Установка на «воскрешающую» слово и восприятие выразительность (динамические отношения между словом и предметом, между смыслом и выражением) совпадает здесь с установкой на политическую эффективность. Формальные требования к поэтическому языку, которым он должен отвечать, чтобы выполнять свою художественную функцию, оказываются синонимичны требованиям, предъявляемым политическому языку, цель которого состоит в том, чтобы изменить мир и сознание тех, к кому он обращен. При этом сам формальный метод находит в языке политической полемики и агитации материал, адекватный своим представлениям о законах художественного языка.
Опустошенной длительным использованием риторике, принадлежащей к высокой, и уже потому автоматизированной, ораторской традиции, Ленин противопоставляет свою «живую» поэтику, опирающуюся на сдвиг восприятия, обман ожиданий, вводящую в речь элементы низкого бытового стиля. Наиболее близким аналогом политического языка Ленина становится для Шкловского и Эйхенбаума язык Л. Н. Толстого, новаторство которого состояло для них в остранении господствующих литературных конвенций и обнажении условного характера социальных отношений5.

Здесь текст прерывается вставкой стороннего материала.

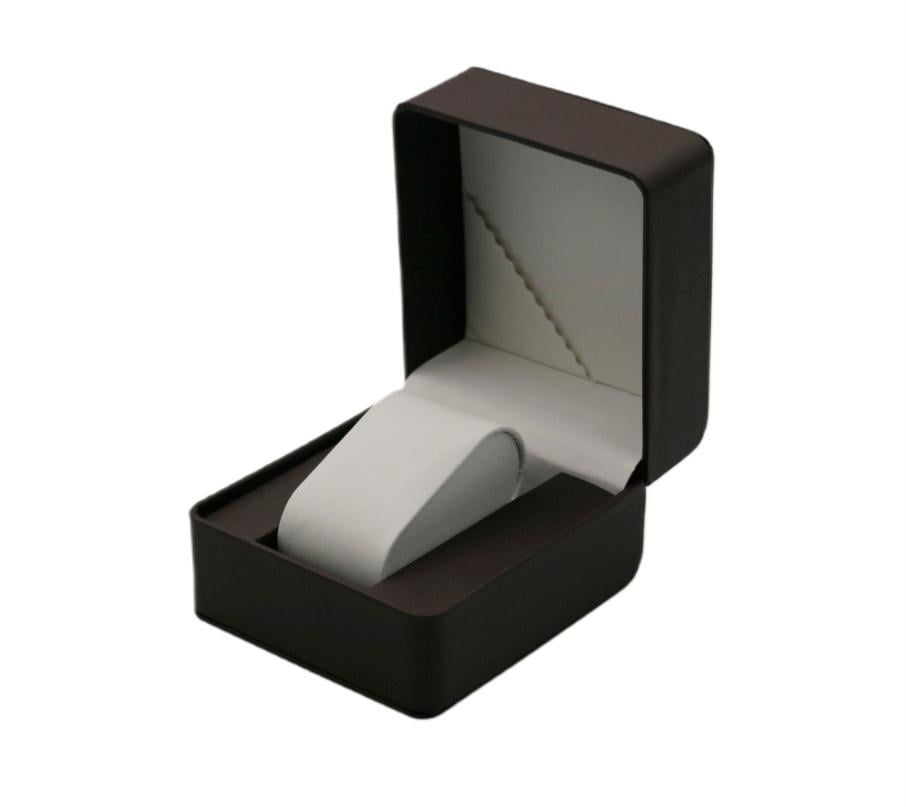 Шкатулка с подушечкой для хранения часов из PU кожи Коричневый (IBW917K)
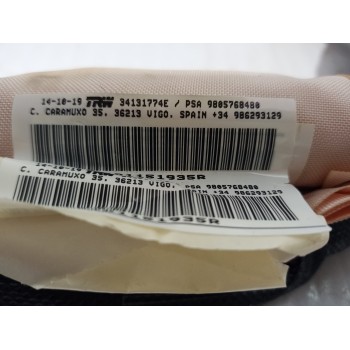 Recambio de airbag cortina delantero izquierdo para peugeot 308 active referencia OEM IAM 9805768480  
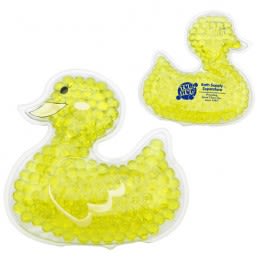 Yellow Duck Hot/Cold Gel Bead Pack | Custom Shaped Gel Packs in Bulk | Fun Animal Shaped Gel Bead Heat & Ice Packs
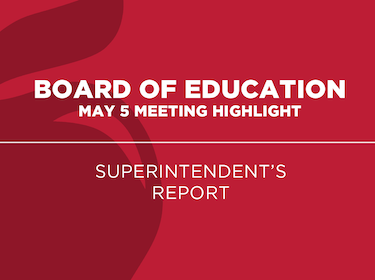  Superintendent's Report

Более того, из опубликованных в «ЛЕФе» статей следует, что метод, который практиковал Ленин в борьбе со своими политическими противниками, является не чем иным, как формальным (если не сказать формалистским) анализом, вскрывающим автоматизированность чужой речи, подменяющей непосредственный и подвижный материал истории утратившим с ним связь идеологическим фразерством. По словам Эйхенбаума:
«Внимание Ленина останавливается <...> на всем, что имеет характер автоматического пользования словом и тем самым лишает его действительной значимости» [Эйхенбаум 1924б: 61].
4 См. также опирающуюся на этот выпуск «ЛЕФа» статью петербургского историка С. В. Ярова, следующую за формалистами в их подходе, но не разделяющую их выводов [Яров 2007]. Для нас же важна не адекватность анализа своему материалу, а те теоретические интуиции, которые возникают по его ходу (прежде всего связанные с экспликацией идеологического и политического потенциала художественной формы).

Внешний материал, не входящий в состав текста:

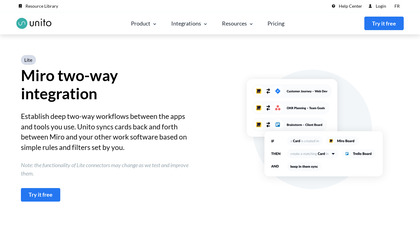 Miro Two-Way Integration by Unito image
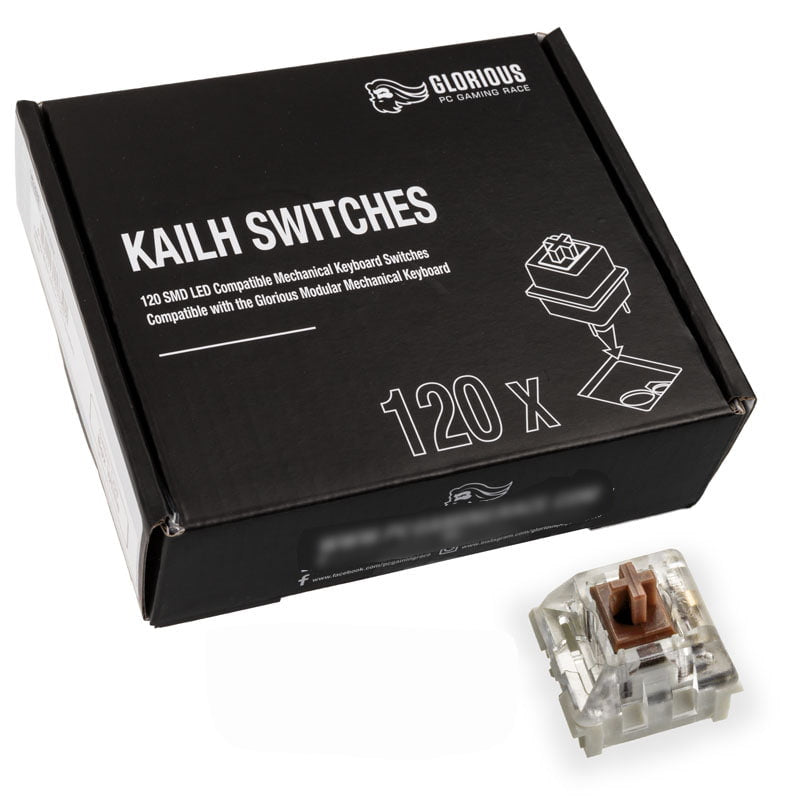 Se Glorious Kailh Speed Brun Switches (120 Stk) hos Geek´d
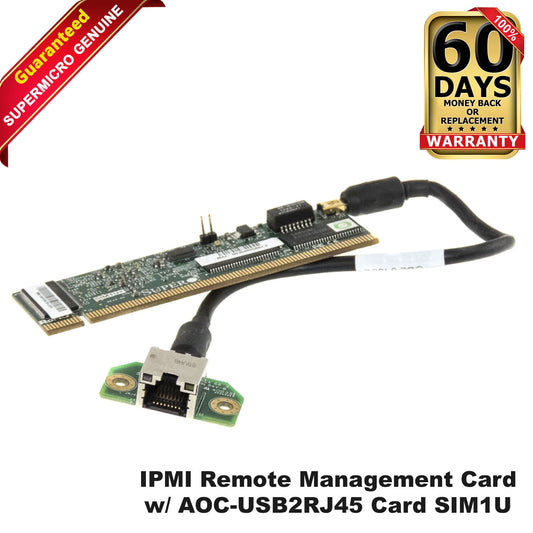 Supermicro AOC-SIM1U+ IPMI 2.0 Management Controller Add-On Card AOC-USB2RJ45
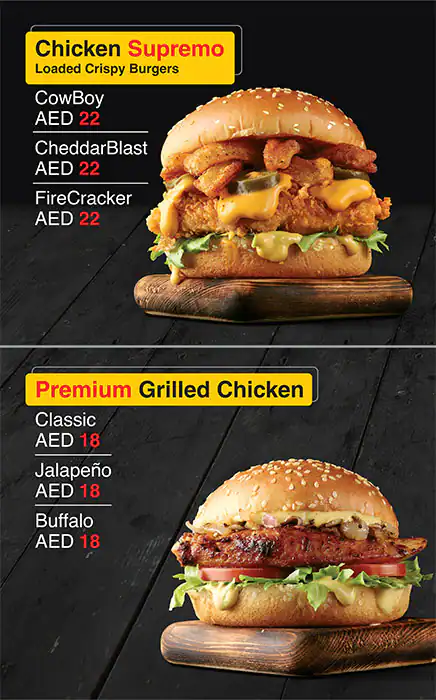 One Potato Two Potato Menu, Menu for One Potato Two Potato, Al Nahyan, Abu Dhabi 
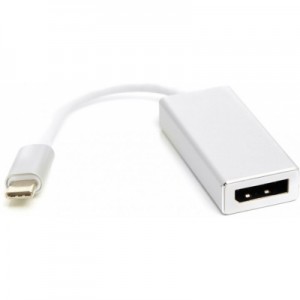 Перехідник PowerPlant USB Type-C 3.1 Thunderbolt 3 (M) - DisplayPort (F), 4K, 0.15 (CA911851)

5 См. прежде всего эссе-манифест Шкловского «Искусство как прием» (1917) [Шкловский 2018: 250-269] и первую монографию Эйхенбаума «Молодой Толстой» (1922) [Эйхенбаум 1922].
Вместо того чтобы деформировать исторический материал (как это делает поэзия с языковым материалом), т. е. — производить непосредственные исторические эффекты («творить историю»), такой автоматизированный политический язык скользит по лишенной силы сопротивления поверхности отвлеченной идеологии, компенсируя свое историческое / поэтическое бессилие риторической избыточностью («революционной фразой», В. И. Ленин)6.

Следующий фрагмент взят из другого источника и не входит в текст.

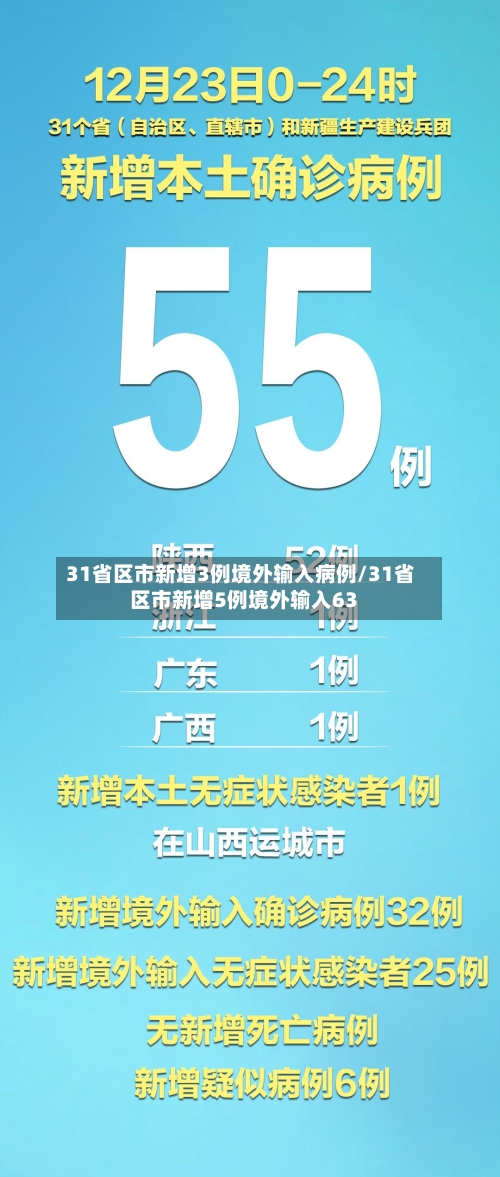 31省区市新增3例境外输入病例/31省区市新增5例境外输入63-第1张图片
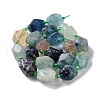 Natural Fluorite Beads Strands G-C182-15-02-3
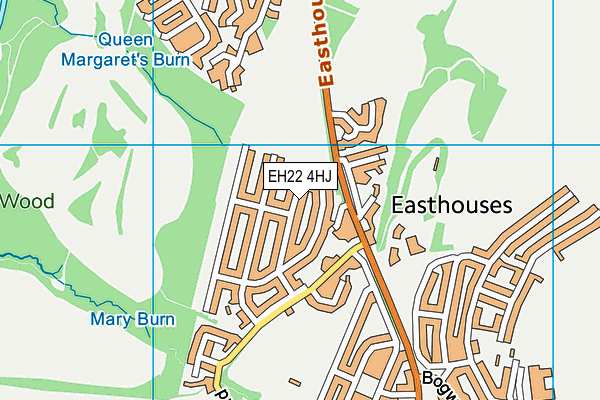 EH22 4HJ map - OS VectorMap District (Ordnance Survey)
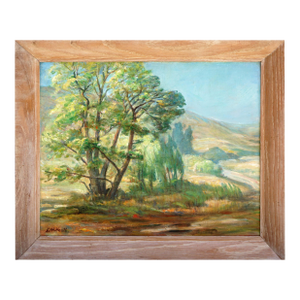 Mid Century Paraiso Hot Springs, Santa Lucia Foothills Landscape by Edda Maxwell Heath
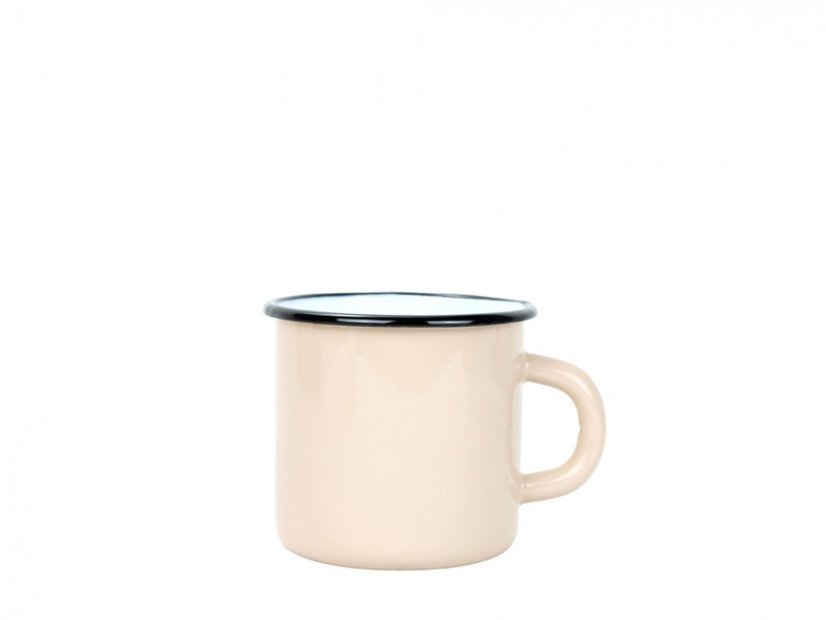 Smaltovaný hrnek ø 7 cm - 0.25 l starorůžový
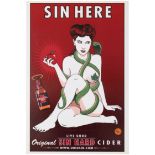 Advertising Poster Original Sin Hard Cider Eve Pinup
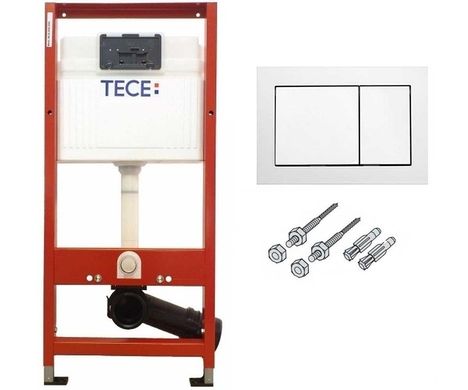 Комплект TECEbase (модуль+панель змиву TECEbase біла+кріплення), 1120мм 9400000 9400000 фото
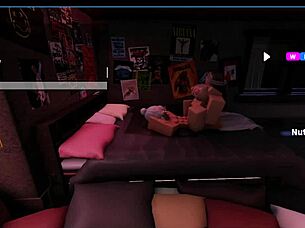 Fan fucks my tight pussy with huge throbbing cock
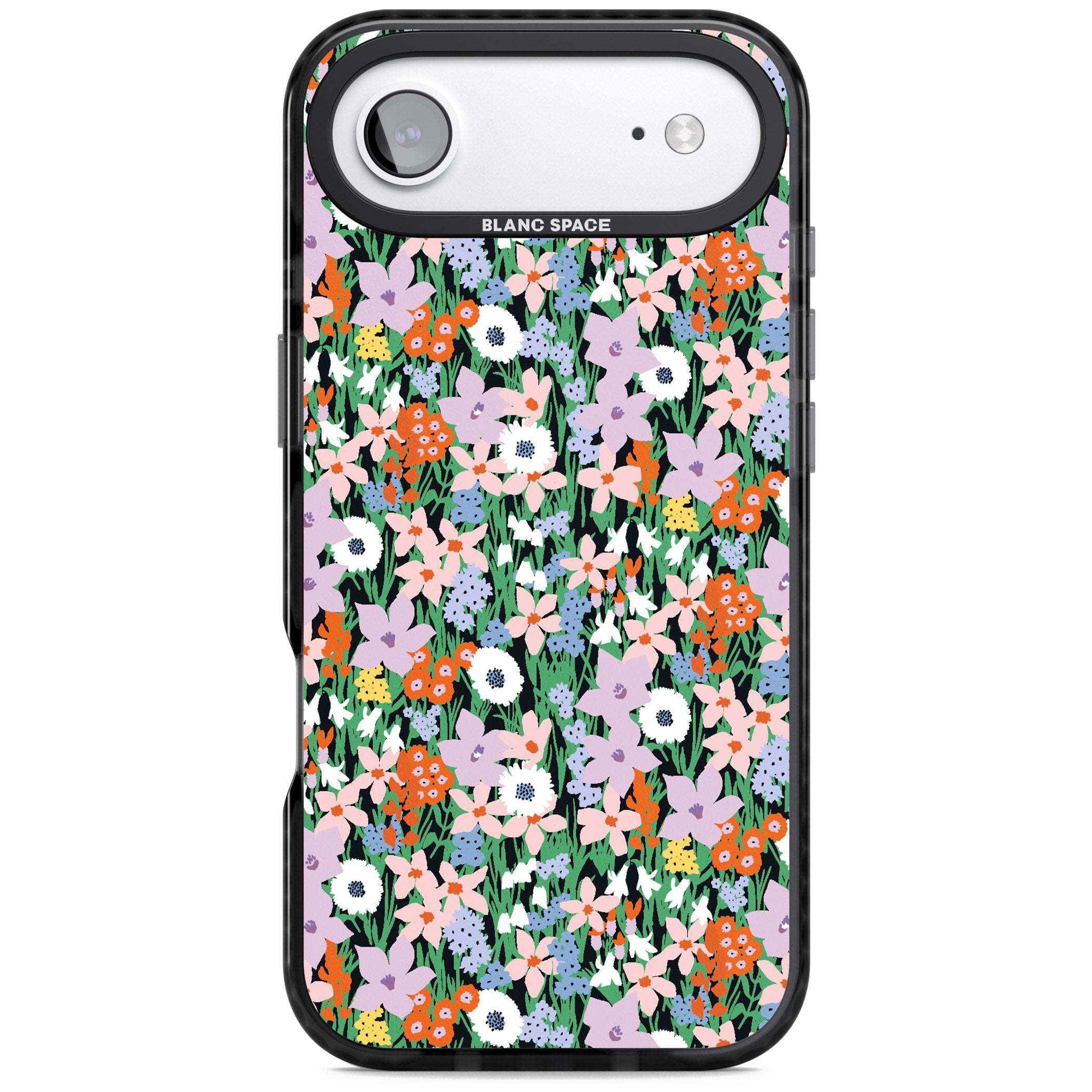 Jazzy Floral Mix iPhone 17 Air Impact Black Phone Case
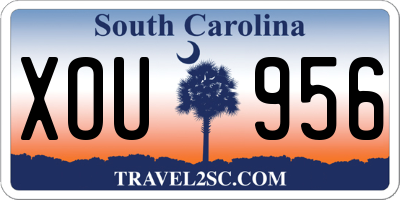 SC license plate XOU956
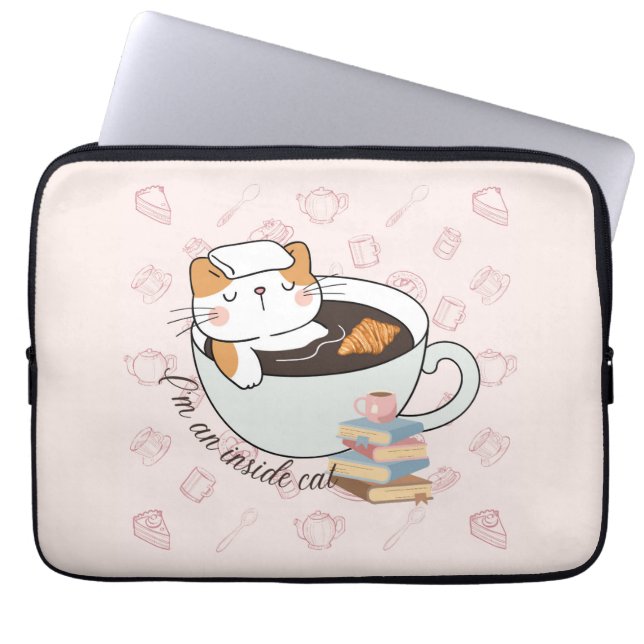 Capa Para Notebook Spa de Gatos Internos (Frente)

«Ленин как деканонизатор» называет Шкловский свою статью о языке Ленина, в которой его стиль последовательно описывается как поэтическая речь, ломающая привычные контекстуальные связи, обнажающая стершиеся отношения между понятиями и смыслами:
«Ленина звали „раскалыватель", действительно, он охотно шел на раскалывание явления, на выделение его <...> Разделительное переименование есть один из способов отделять понятие от старого слова ему более не соответствующего <...> Как только слово прирастает к вещи, оно перестает ощущаться и лишается эмоционального тона» [Шкловский 1924: 53-54].
Вместо привычного использования уже сложившегося понятийного аппарата, более не производящего остраняющего, перформативного эффекта, Ленин, с точки зрения Шкловского, вновь и вновь осуществляет работу, демонстрирующую живую связь между знаком и значением, между словом и понятием:
«Каждая речь или статья как будто начинает все сначала. Терминов нет, они являются уже в середине данной вещи, как конкретный результат разделительной работы» [Шкловский 1924: 55].
В своей статье «Словарь Ленина-полемиста» Ю. Н. Тынянов последовательно реализует свой метод лексико-стилистического анализа, разработанный им в «Проблеме стихотворного языка» [Тынянов 1924а], обнаруживая в полемическом языке Ленина ту самую «тесноту стихового ряда», когда
«.значимость слова может гипнотизировать, объединяя в одно вещи конкретно разные, необъединимые», когда «фраза может стать сгустком, который ценен сам по себе, — своей „словесной" и эмоциональной силой» [Тынянов 1924б: 91].
(Может показаться, что последняя цитата взята из его работы по теории стиха и посвящена языку Тютчева, однако перед нами концептуальный тезис, предшествующий анализу «словаря Ленина».)7
6 Ср.: «.основная стилевая тенденция Ленина — борьба с „фразами", с „краснобайством", с „большими словами". Одна из постоянных его задач, сформулированная еще в 1903 г., — „разоблачать фразерство и мистификацию, где бы они ни проявлялись." („Искра" 1903 г. № 48 и Собр. соч. IV, 245). Все, что носит на себе отпечаток „поэтичности" или философской возвышенности, возбуждает в Ленине гнев и насмешку. Он в этом смысле так же аскетичен и суров, как Толстой» [Эйхенбаум 1924б: 62].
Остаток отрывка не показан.